Posted: Sat Oct 14, 2006 6:08 pm
by technicorn
Hi Xombie,

learning assembler is quite easy today I think.
For example using PB with inline asm enabled, you can step through all instructions
and watch the register values and program flow.
Beside that have a look at http://www.agner.org/optimize/

And you will need the Intel and/or AMD documentation for the CPU,
and don't get intimidated by the number of pages of thies manuals,
togehter it's about 3000!
But you will mainly need the section about application programming.
Also the optimization docs by Intel and AMD are worth reading.

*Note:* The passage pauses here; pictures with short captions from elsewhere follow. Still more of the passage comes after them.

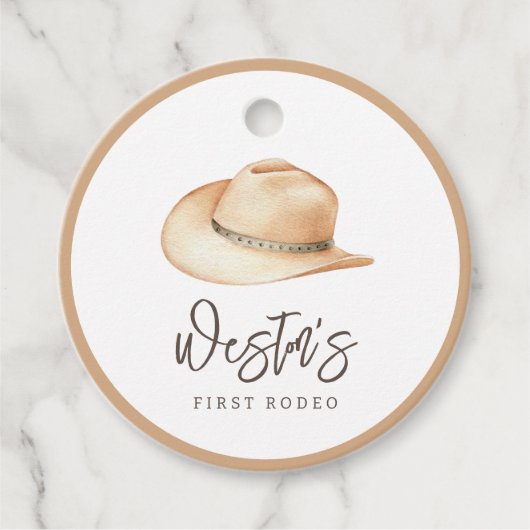 Eerste Rodeo Neutral Southern Cowboy Birthday Bedankjes Labels (Voorkant)
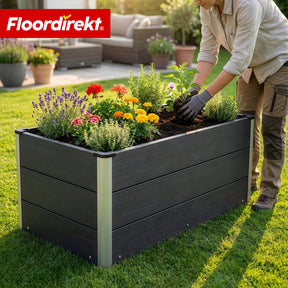 WPC-verhoogde plantenbak | Paros | Antraciet | Weerbestendig & duurzaam | Voor tuin & terras | Verschillende maten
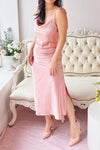 Elyse Pink Cowl Neck Midi Dress | Boutique 1861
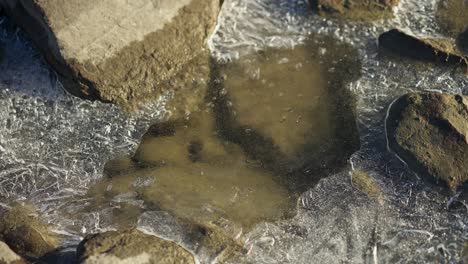 ice puddle between arctic rocks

To all using FMid, please change the "calignjmp 4" -> "calignjmp 8",
uploaded a test version by mistake.

Posted: Sun Oct 15, 2006 2:39 am
by SoulReaper
Nice to see Assembler :)

Reminds me of the Z80/6809E/68000 Assembler days Respect :!: :roll: :wink:

Regards
Kevin :) :wink:

Posted: Wed Oct 18, 2006 1:13 am
by Amundo
Reminds me of the Z80/6809E/68000 Assembler days
Ahh, the 6809....there never was a better hybrid of 8 and 16-bit microprocessor technology....there'll never be a better instruction set...

Posted: Wed Oct 18, 2006 1:27 am
by Joakim Christiansen
Hey Fred, we wont allow this! (people making faster functions than the inbuilt) :P

Posted: Wed Oct 18, 2006 1:41 am
by dracflamloc
On the contrary, its great to speed up processing of DracScript!

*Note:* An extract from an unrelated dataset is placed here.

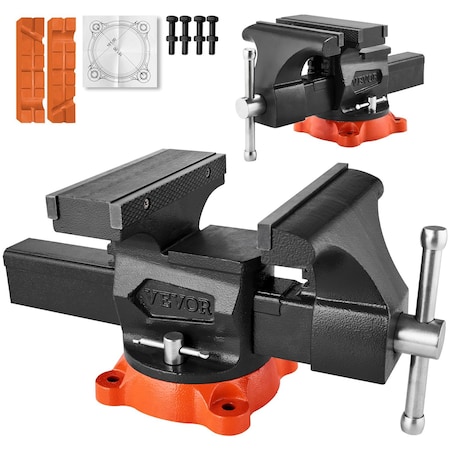 Vevor 8" Bench Vise Multipurpose Heavy Duty Ductile Iron Swivel Locking Base 9528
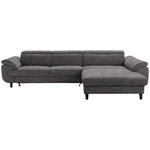 ECKSOFA in Webstoff Dunkelgrau  - Dunkelgrau/Schwarz, Natur, Textil/Metall (342/207cm) - Valnatura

Now if someone can convert standard pb functions and parameters which internally use this fast method it'd make life and integration much better!

Posted: Wed Oct 18, 2006 6:07 am
by JCV
nice! :D thx

Posted: Thu Oct 19, 2006 8:17 pm
by technicorn
@dracflamloc:

There are three lines in the sourcecode you can use to make PB use FMid as if it is a normal Mid in all places:

Code: Select all

; Uncommend the next 3 lines, if you want to replace 
; Mid with FMid in all places: 
; Macro Mid(string, start, length) 
;   FMid2(@string,start,length) 
; EndMacro 
so you don't have to change your code to pass string pointers to FMid.